Pulmicort - Pulmicort versatile dosing

1.	What means with versatile dosing of Pulmicort?

2.	Which dose range of Pulmicort Turbuhaler can be used in clinical practice?

3.	Is there an upper limit for a Pulmicort Turbuhaler daily dose?

4.	Should the starting dose of Pulmicort be high or low?

5.	How to use Pulmicort Turbuhaler to prevent patients from developing acute exacerbations?

6.	Can Pulmicort be used for treatment of acute severe attacks of asthma?

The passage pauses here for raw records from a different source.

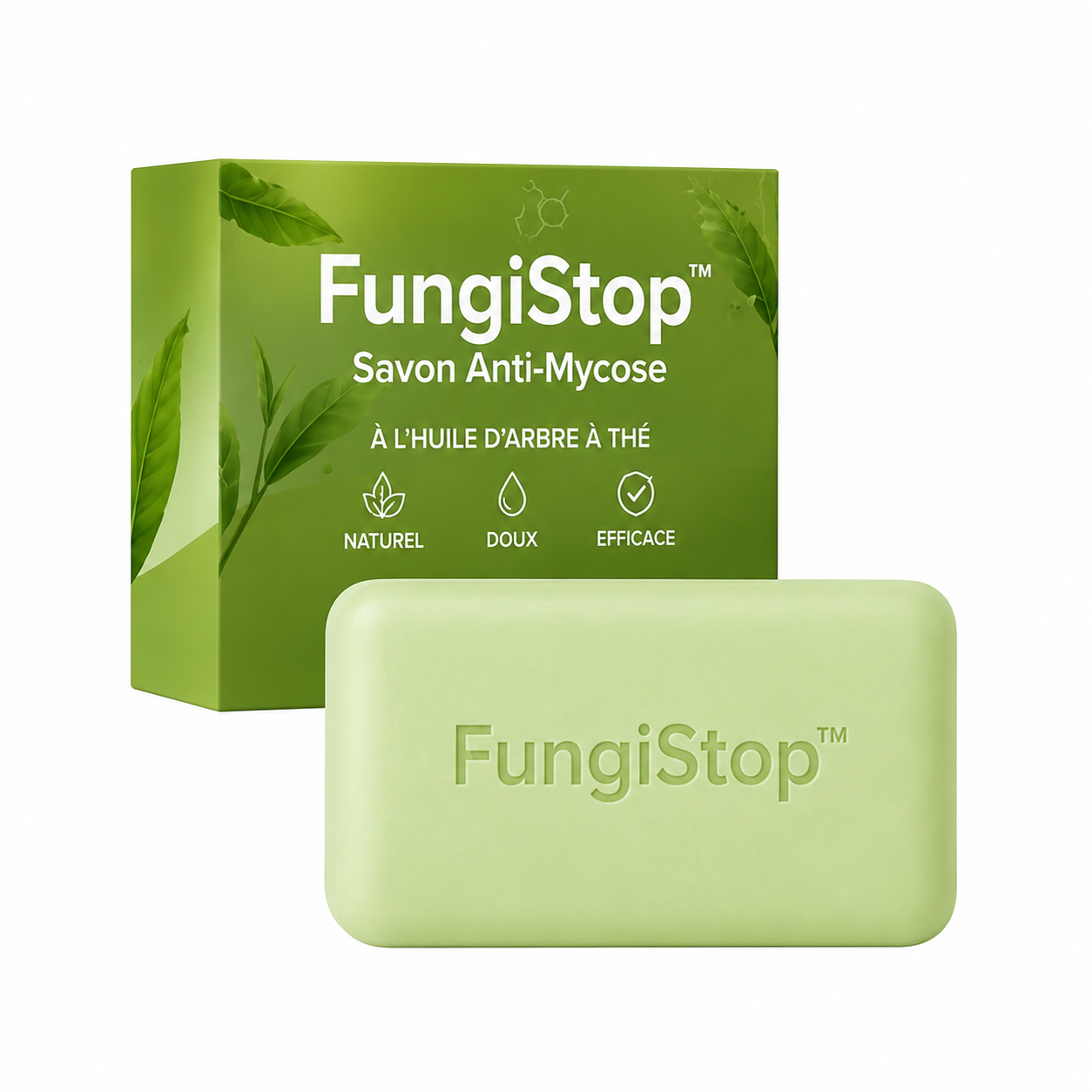 FungiStop™ Savon Anti-Mycose | Stoppez les démangeaisons et éliminez les champignons en 7 jours !
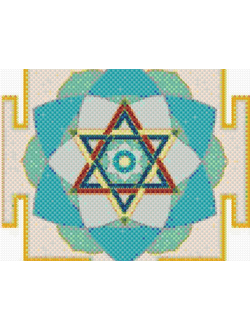 Алмазная мозаика с 5Д элементами Svetleela &quot;Янтра  Луне&quot; 30*30\40*40 см
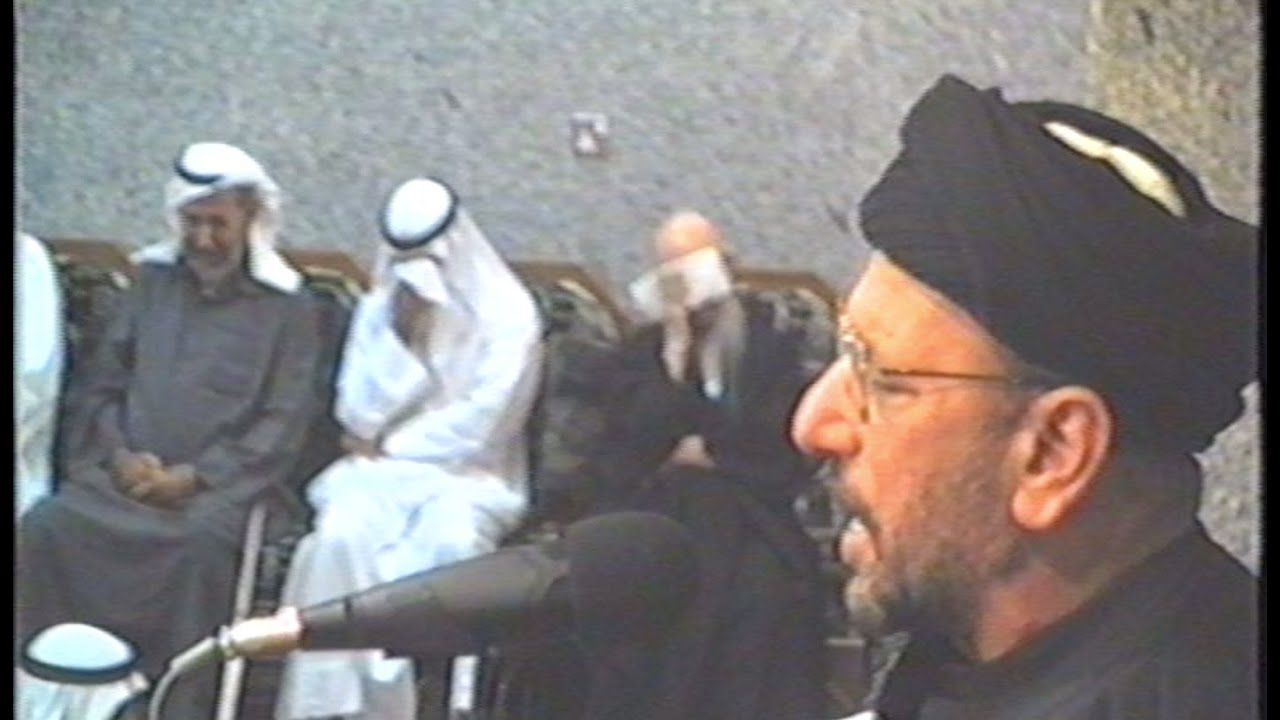 حضور المرجع الميرزا حسن الإحقاقي يوم السابع من المحرم  حسينية آل بوحمد- السيد جاسم الكربلائي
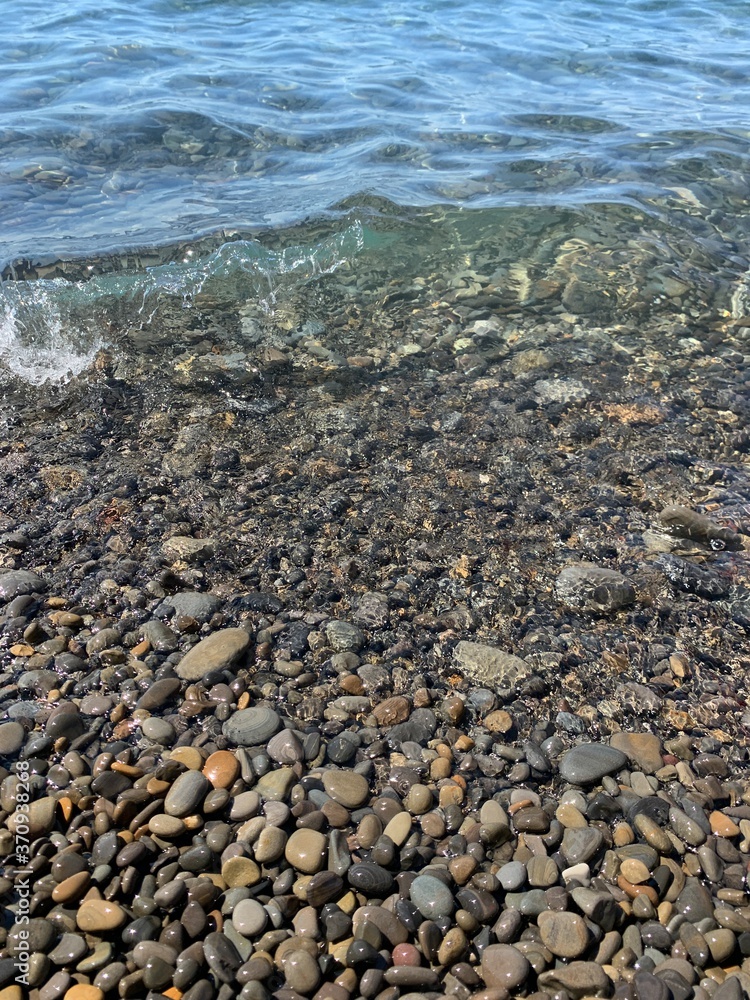 Pebble stones background, beach, natural colors Pebble stones background, beach, natural colors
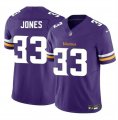 Cheap Men's Minnesota Vikings #33 Aaron Jones Purple F.U.S.E. Vapor Untouchable Limited Football Stitched Jersey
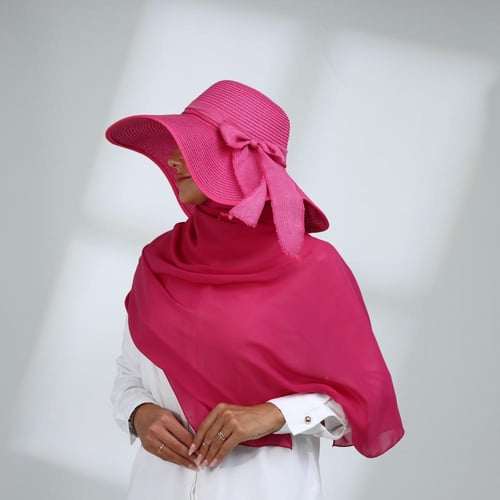 طقم قبعة كاملة مع طرحة صيفية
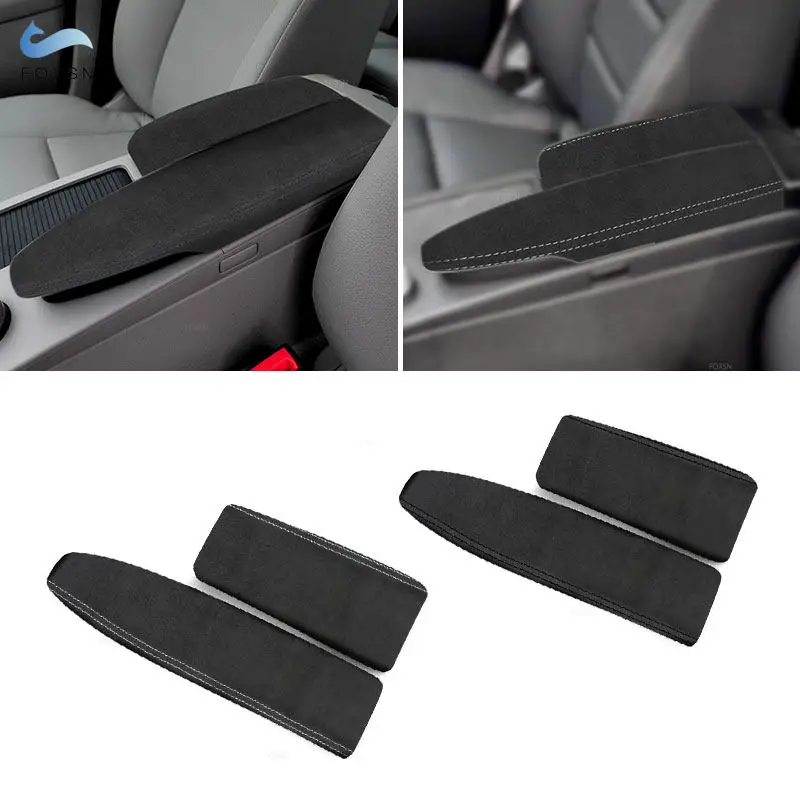 

Для Mercedes Benz C E GLK Class W204 W212 X204 2008-2014 ABS + замшевая кожаная Автомобильная центральная консоль подлокотник крышка декоративная отделка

7.	When can once-daily dosing be used?

1. What means with versatile dosing of Pulmicort?

Pulmicort is available in different strengths. Pulmicort dry powder inhaler, Turbuhaler^®, 100 µg, 200 µg and 400 µg per metered dose. Pulmicort is also available as a pressurized metered dose inhaler, pMDI, 50 µg, 100 µg and 200 µg per metered dose. The pMDI can be attached to a metal spacer, NebuChamber^®, or to a large volume spacer, Nebuhaler^TM(1). Finally, Pulmicort is available as a suspension for nebulisation; 0,125 mg/mL, 0,25 mg/mL and 0,5 mg/mL.

Pulmicort can be given to patients via different inhalation devices depending on the patient´s age and clinical situation: dry powder inhaler (Turbuhaler^®), pMDI with or without a large volume spacer and suspension for nebulisation (1,2).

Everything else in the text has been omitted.